• Activity: Repeat the data exactly. Pictures are not part of the copy.

----

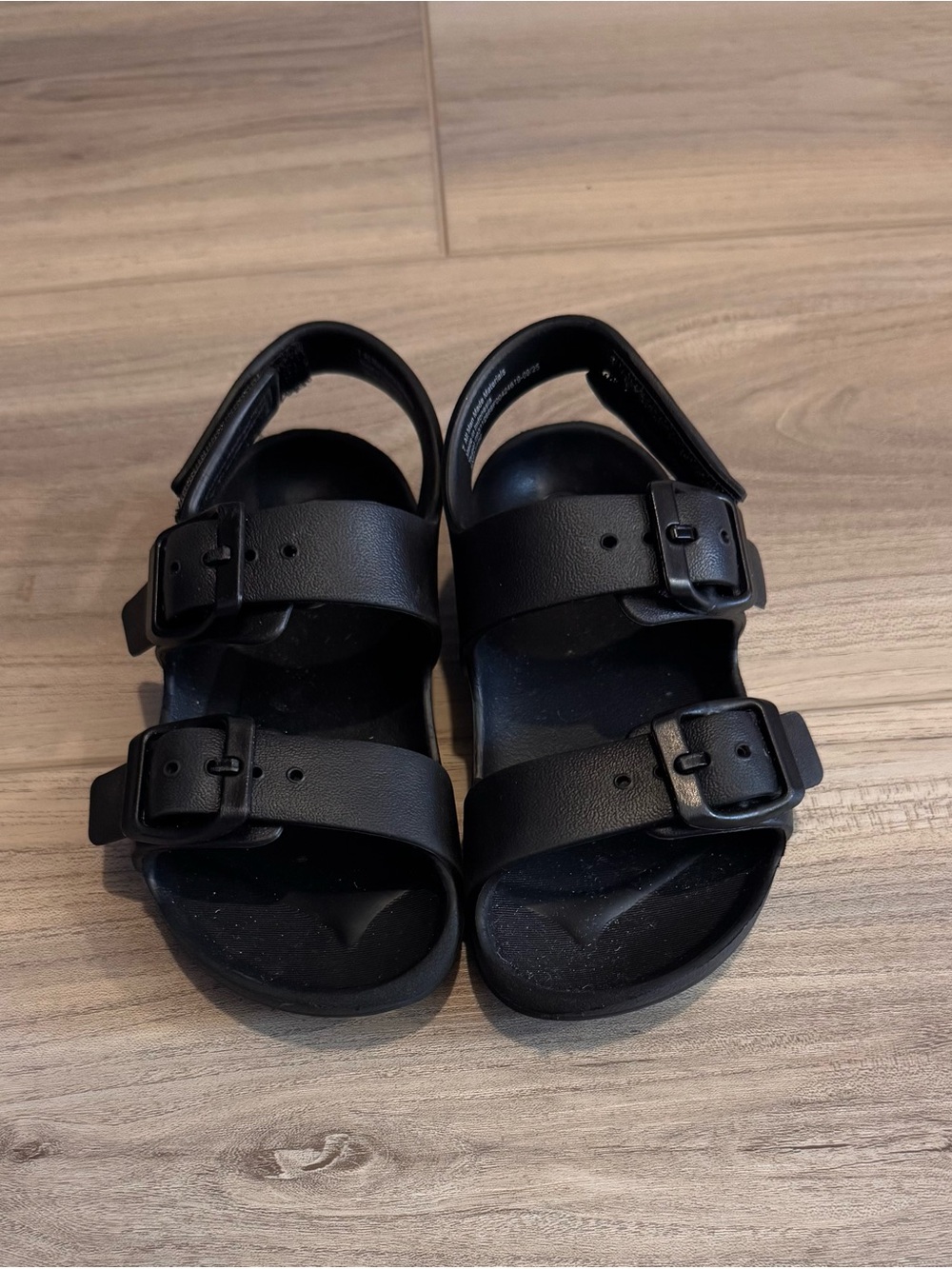 Kids Black Double-Strap Buckle Sandals - Comfortable Everyday Wear
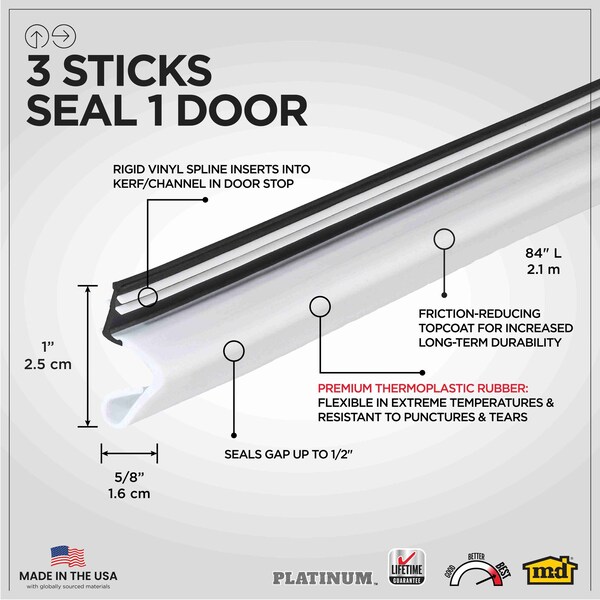 M-D Building Products 84 in. White Premium Rubber PLATINUM Top and Sides Door Seal for Doors with Kerf/Channel - 91890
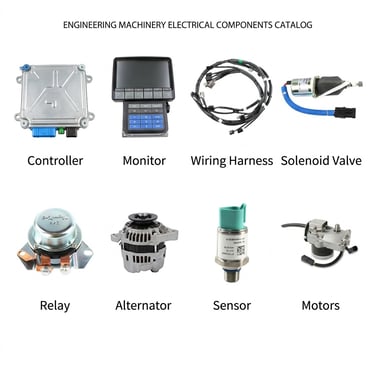 Engineering machinery electrical components catalog featuring a controller, monitor, wiring harness, and alternator.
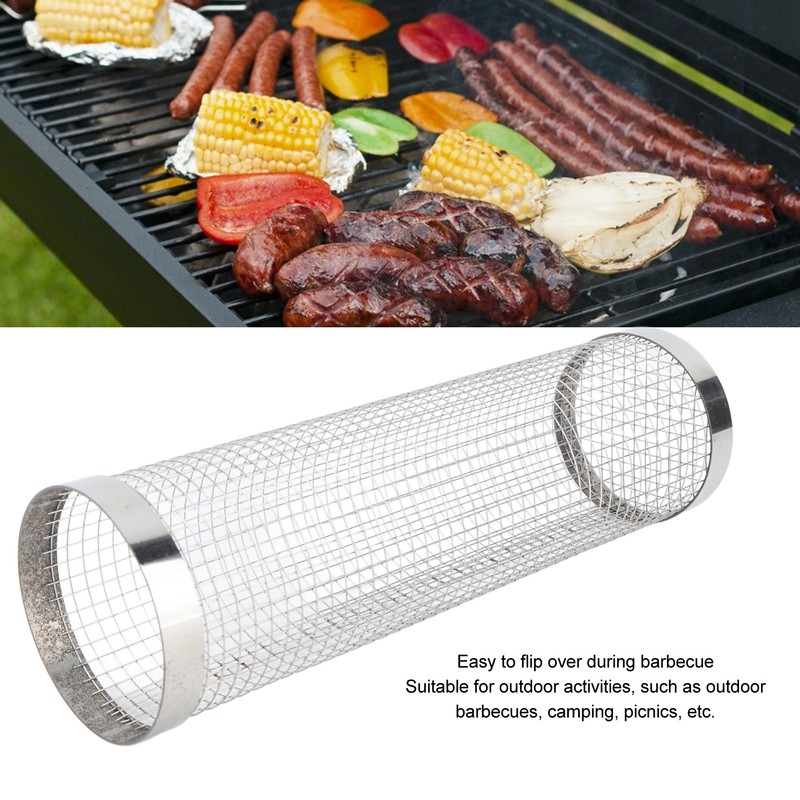 Barbecue Grilling Basket Cylinder Shaped Mesh Wire 304 Stainless Steel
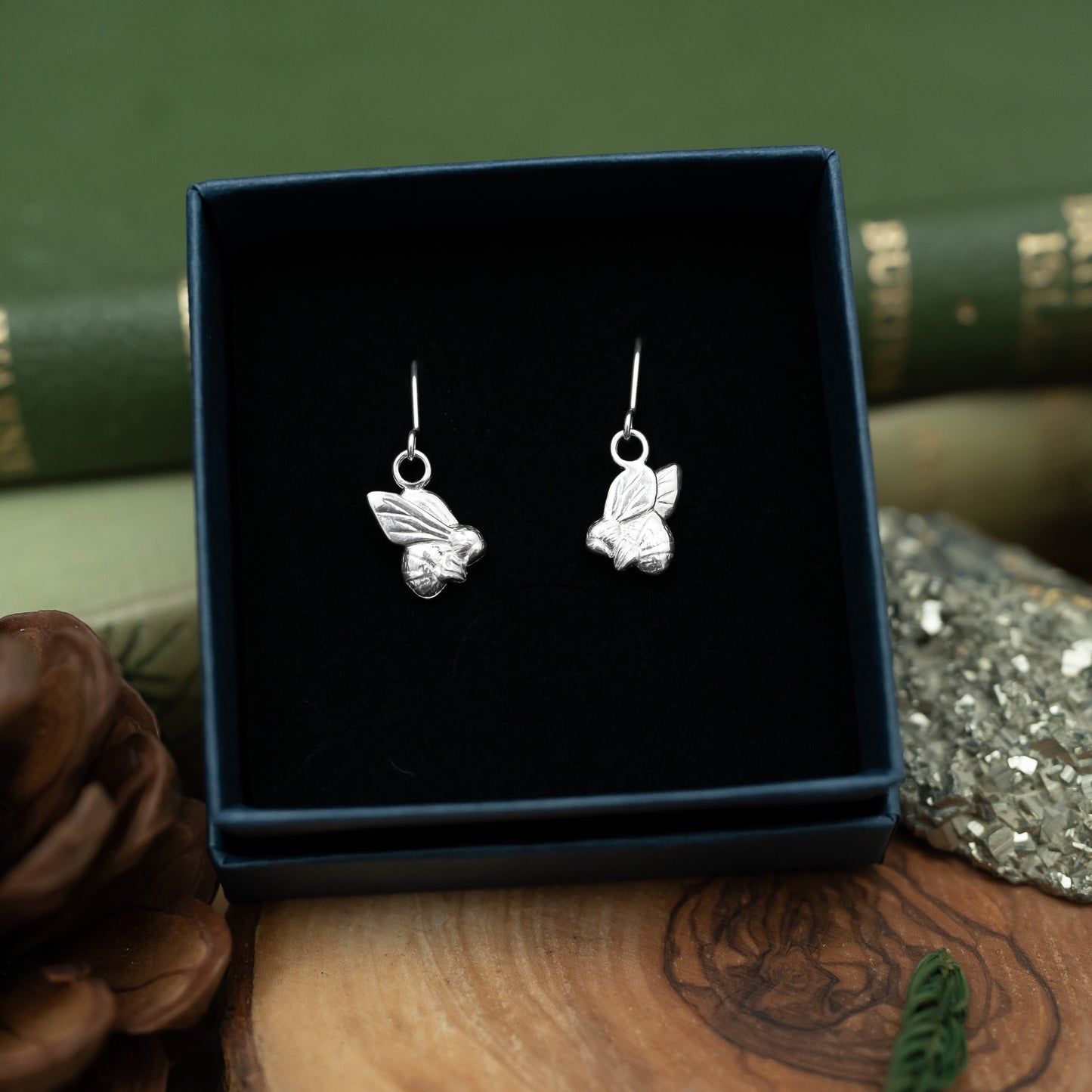 Sterling Silver Bumble Bee Dangle Earrings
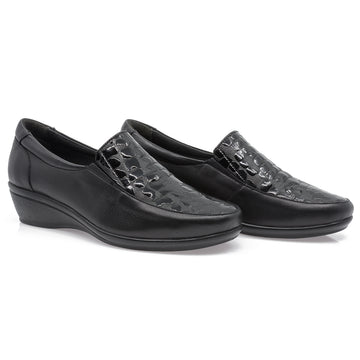 Pantofi dama, Caspian, CAS-189, casual, piele naturala, negru/coroco
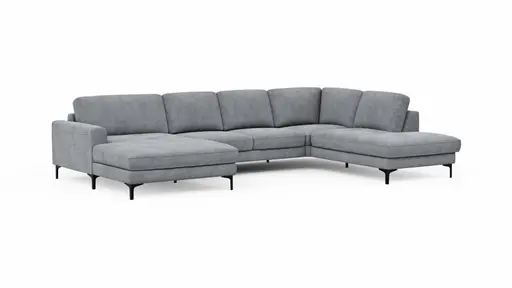 Wohnlandschaft Oviedo - Longchair links mit 2-Sitzer und Ecke rechts, Stoff, Grau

----

• Exercise output:
 Kids Black Double-Strap Buckle Sandals - Comfortable Everyday Wear
 M-D Building Products 84 in. White Premium Rubber PLATINUM Top and Sides Door Seal for Doors with Kerf/Channel - 91890
 Engineering machinery electrical components catalog featuring a controller, monitor, wiring harness, and alternator.
 Barbecue Grilling Basket Cylinder Shaped Mesh Wire 304 Stainless Steel
 Sterling Silver Bumble Bee Dangle Earrings
 Pantofi dama, Caspian, CAS-189, casual, piele naturala, negru/coroco
 Wohnlandschaft Oviedo - Longchair links mit 2-Sitzer und Ecke rechts, Stoff, Grau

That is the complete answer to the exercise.